En tout, ils sont au nombre de cinq, les cinq interdits de séjour aux États-Unis, les cinq accusés de censure pour leur rôle dans la réglementation numérique européenne : Thierry Breton, ancien commissaire européen ; Anna-Lena von Hodenberg et Josephine Ballon, de l’association allemande HateAid ; Imran Ahmed, directeur britannique d’un centre de lutte contre la haine numérique (Center for Countering Digital Hate) et Claire Melford, cofondatrice de l’organisation britannique Global Disinformation.

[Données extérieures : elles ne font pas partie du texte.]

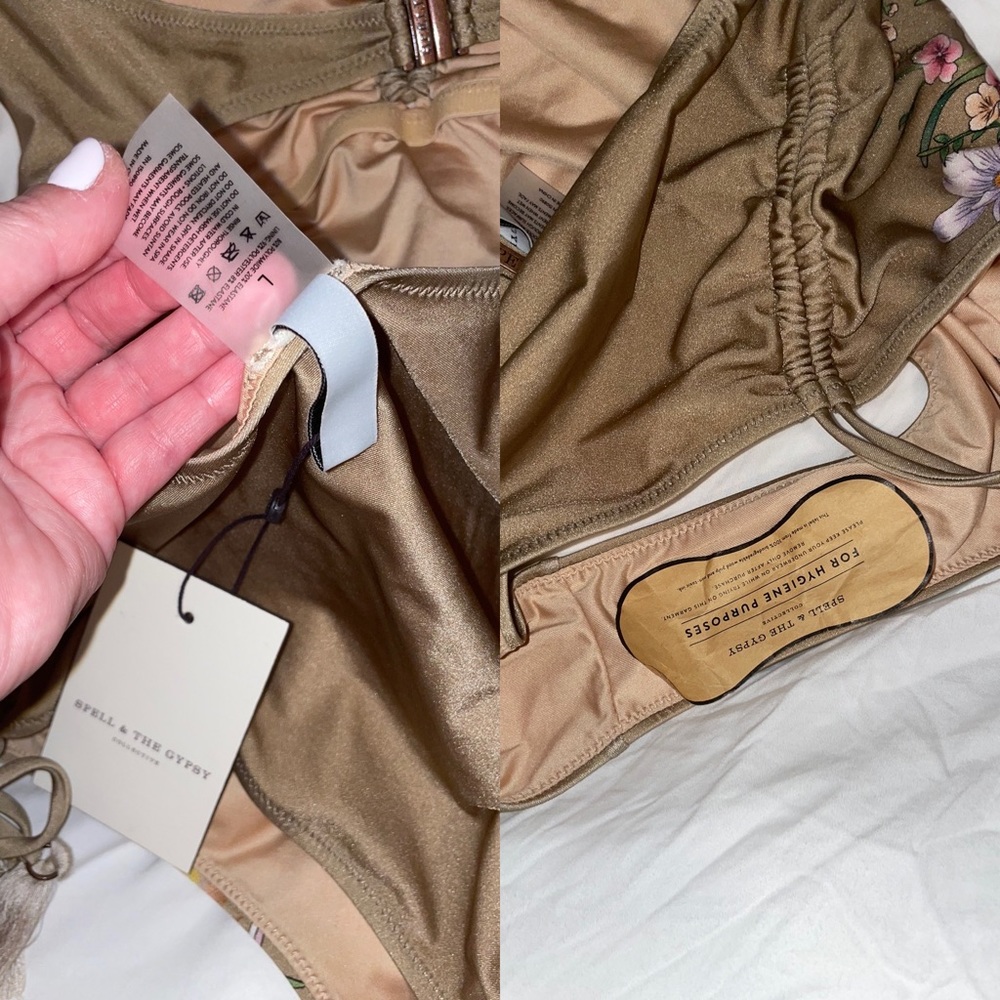 NWT Spell ⁺₊⋆ ☾⋆⁺ Waterfall One Piece in Taupe Peacock - Picture 4 of 11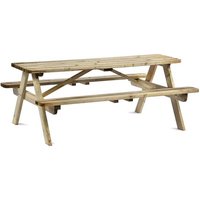 Tallis Wooden Large Picnic Seating Bench In Green Natural
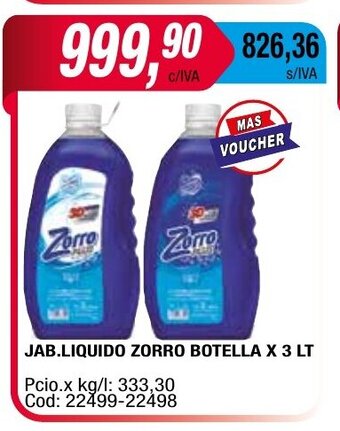 Maxiconsumo Jab. Liquido Zorro Botella x 3lt oferta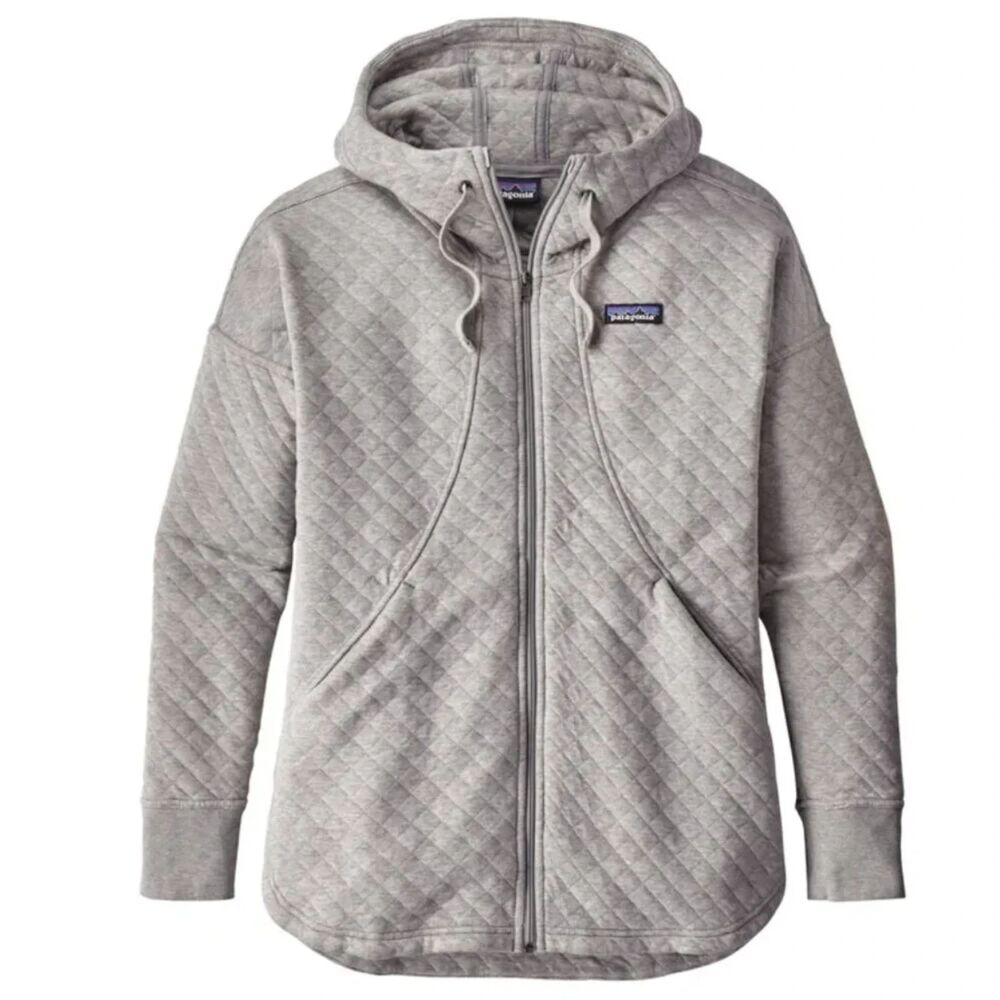 Patagonia Women's Organic Cotton Quilt Hoody Gray Medium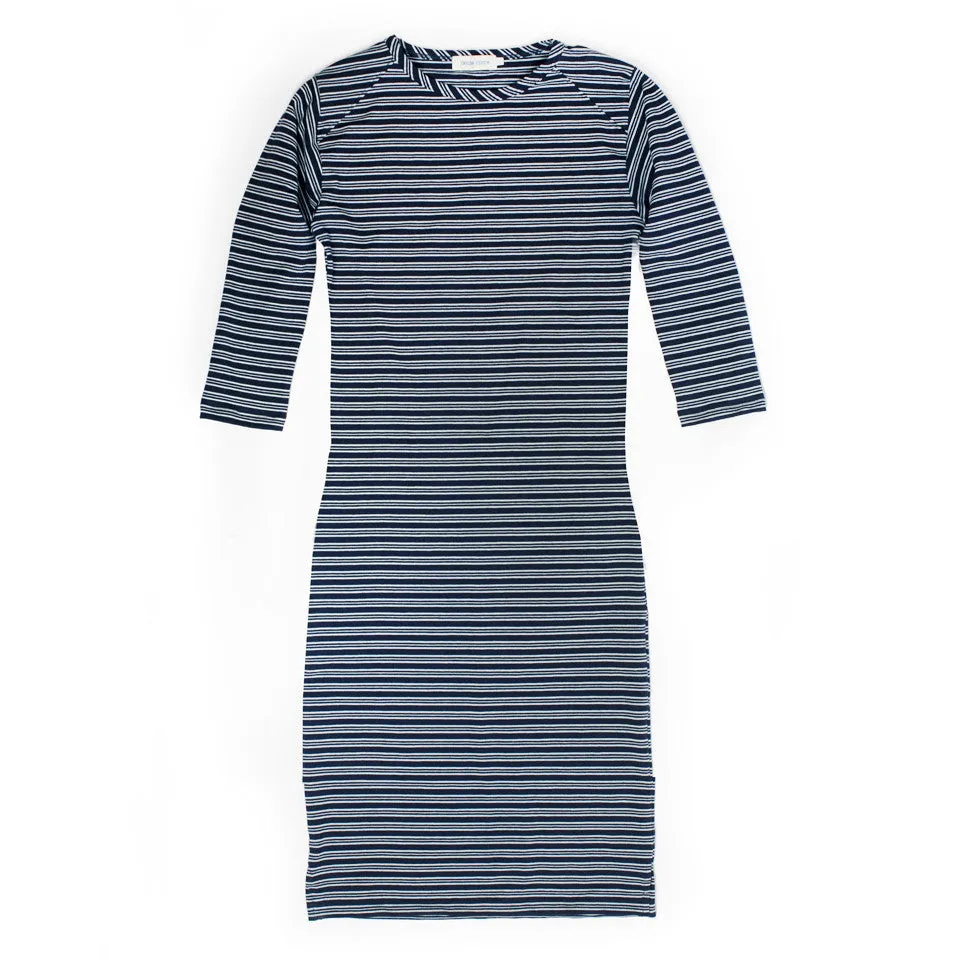 The Eva Dress in Indigo Stripe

Leur tort ? Avoir activement participé à l’élaboration du Digital Services Act, entré en vigueur en février 2024 et dont l’objectif est de lutter contre les contenus illicites, de garantir la transparence en ligne et de protéger les internautes des risques.

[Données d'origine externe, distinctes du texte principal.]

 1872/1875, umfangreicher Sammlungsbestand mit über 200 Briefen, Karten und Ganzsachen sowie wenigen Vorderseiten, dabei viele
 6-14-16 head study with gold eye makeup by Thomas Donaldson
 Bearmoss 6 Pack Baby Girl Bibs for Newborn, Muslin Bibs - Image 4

L’élément déclencheur ? Une amende de 120 millions d’euros exigée par la Commission européenne au réseau social X pour plusieurs transgressions au Digital Services Act.

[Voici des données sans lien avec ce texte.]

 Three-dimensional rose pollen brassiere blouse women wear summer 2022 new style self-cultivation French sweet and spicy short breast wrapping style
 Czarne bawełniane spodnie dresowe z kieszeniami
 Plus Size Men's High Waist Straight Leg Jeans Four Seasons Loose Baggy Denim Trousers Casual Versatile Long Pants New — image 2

Pour les États-Unis, l’enjeu de cette réglementation est de conduire à l’invisibilisation des opinions américaines sur les réseaux sociaux et d’entraîner la disparition des avis opposés aux idées européennes, le tout bien caché sous le prétexte de limiter les dérives des contenus mis en ligne. En effet, ce mardi 23 décembre, le secrétaire d’État, Marco Rubio, a déclaré que les cinq personnes visées par l’interdiction de visa ont mené « des efforts organisés visant à contraindre des plateformes américaines à censurer, démonétiser et faire taire des points de vue américains auxquels ils s’opposent ». À cet effet, ils ont enfreint la nouvelle politique de visa américaine (mai 2025) qui permet de barrer l’accès aux étrangers accusés de censure de la liberté d’expression.

Les vives réactions de la Commission face à cette accusation illustrent des tensions croissantes entre l’Union européenne et les États-Unis au sujet de la régulation numérique. Les enjeux des tensions sur la souveraineté numérique montrent que la réglementation sur le numérique est désormais un élément de diplomatie et de soft power.

L’Union européenne utilise le numérique comme un outil d’influence dans le monde et multiplie les initiatives pour maintenir une autonomie numérique. En mars 2025, la Commission a annoncé un investissement de 1,3 million d’euros dans l’intelligence artificielle et la cybersécurité afin d’assurer sa souveraineté numérique.

Cette nouvelle cyberdiplomatie européenne s’illustre également dans des actions telles que le mois de la cybersécurité de l’UE (octobre 2025), au cours duquel se déroulent des conférences sur la question. La nouvelle stratégie ProtectEU intègre d’ailleurs la cybersécurité comme un pilier central de la sécurité intérieure de l’UE.

La stratégie européenne pour le numérique est d’utiliser la capacité à produire des normes comme un outil d’influence et de diplomatie, c’est pourquoi la régulation numérique est un point de friction avec les États-Unis. L’Union européenne doit donc se préparer à faire face à des réactions extérieures, d’autant plus qu’elle cherche toujours à intégrer davantage le numérique dans sa politique. En décembre 2025, le Conseil a pris position sur une loi visant à créer une application de voyage numérique qui consisterait à utiliser les nouvelles technologies dans la gestion des frontières.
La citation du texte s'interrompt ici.